Un G8 senza proteste, il presidente Usa osannato in un povero paese africano: che cosa è successo, otto anni dopo il G8 di Genova? Il conflitto sulle politiche globali ha preso nuove forme e quattro fatti nuovi hanno ridisegnato i terreni di scontro.
Il primo elemento da cui partire è che i movimenti hanno avuto successo sul loro tema centrale, il rifiuto della globalizzazione neoliberista. Oggi la globalizzazione si è fermata, calano commercio e investimenti esteri, la bolla finanziaria è scoppiata e il liberismo è diventato impronunciabile anche nelle istituzioni che l'avevano imposto per vent'anni. Il movimento, insomma, ha sconfitto il "pensiero unico" del mercato, gli stati e la politica assumono una nuova centralità, l'ordine mondiale
prende una forma policentrica, Cina, India, Brasile diventano nuovi protagonisti. Gli argomenti che otto anni fa circolavano solo al Forum sociale mondiale si leggono ora negli articoli dei premi Nobel per l'economia e Papa Ratzinger, nella nuova enciclica Caritas in veritate, scrive che si deve considerare "l’alimentazione e l’accesso all’acqua come diritti universali di tutti gli esseri umani".
Il secondo fatto nuovo nasce da una grande vittoria politica, l'elezione di Barack Obama negli Stati Uniti. Con un presidente che si era opposto alla guerra in Iraq e ora progetta interventi dello stato, un'economia verde e un sistema sanitario pubblico, l'agenda dei movimenti di protesta è diventata un elemento di politica condivisa. Sulla scena mondiale i discorsi di Obama in Egitto e in Ghana hanno delineato rapporti del tutto diversi con il mondo islamico e l'Africa, e le iniziative sull'economia, il clima e il disarmo aprono la strada a un sistema multilaterale in cui – con la grave eccezione dell'Afghanistan – si ridimensiona il ruolo della guerra nella politica internazionale. Certo, anche Obama ha l'obiettivo di rallentare il declino dell'egemonia Usa, ma il modello non è più l'unilateralismo, la guerra permanente, lo scontro di civiltà promosso dagli Stati uniti di George W. Bush.

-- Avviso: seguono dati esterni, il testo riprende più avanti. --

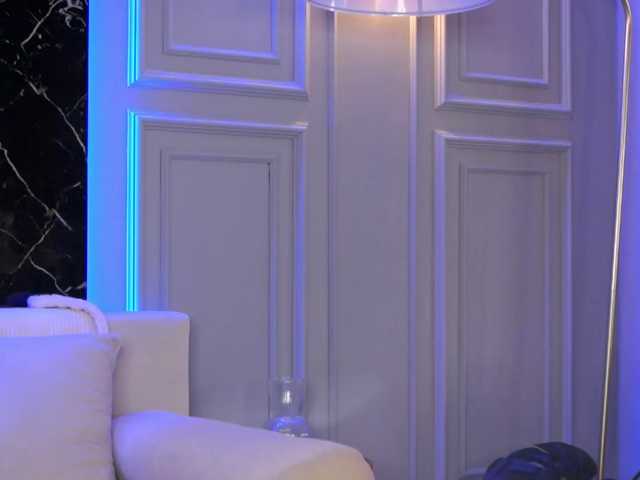 CamillaStarrX live cam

Il terzo fatto nuovo, che consegue ai precedenti, è che i movimenti globali non si trovano più a operare sul terreno, fortemente ideologico, che chiamava alla resistenza contro guerra e neoliberismo. Ora si tratta di immaginare e realizzare il "post-liberismo", crisi mondiale compresa. E per questo serve entrare nel merito dei singoli problemi – movimenti di capitali, paradisi fiscali, tutele del lavoro, cambiamenti climatici, riduzione delle armi e così via -, costruire alternative credibili, avanzare proposte concrete, un lavoro che le reti internazionali di società civile non hanno mai smesso di fare. Per influenzare le politiche globali serve capire come cambiano i luoghi delle decisioni, costruire alleanze con governi "illuminati", muovere l'opinione pubblica mondiale. Le manifestazioni sono meno necessarie, e i rapporti con la politica – nazionale e globale – servono di più.

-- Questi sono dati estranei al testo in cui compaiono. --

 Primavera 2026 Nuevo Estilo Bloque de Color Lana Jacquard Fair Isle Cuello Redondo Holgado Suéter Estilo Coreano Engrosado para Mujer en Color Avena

La quarta novità è, naturalmente, la crisi mondiale, che ha messo in difficoltà i movimenti proprio quando dimostrava quanto avessero ragione i critici del neoliberismo. La crisi ha portato sulla porta di casa di ciascuno, in modi tutti diversi, contraddizioni che prima erano viste da lontano – l'ingiustizia globale – e rappresentate in modo unificante. Così la crisi divide i soggetti sociali – associazioni, sindacato, giovani, reti di solidarietà – che avevano animato i movimenti globali e lascia ciascuno ad affrontare un problema particolare – i licenziamenti, il precariato, i mancati aiuti al Sud del mondo – in un contesto nazionale fatto di politiche frammentate. In tutti i paesi europei non mancano le manifestazioni di protesta contro la crisi di singoli gruppi colpiti in modo particolarmente grave – dal sequestro dei dirigenti in Francia ai blocchi stradali a Termini Imerese. Quello che manca ai movimenti è invece un quadro comune per rappresentare la crisi che sia capace di legarne cause ed effetti collettivi, offrire possibilità di cambiamento politico e innescare una mobilitazione di massa per realizzarlo.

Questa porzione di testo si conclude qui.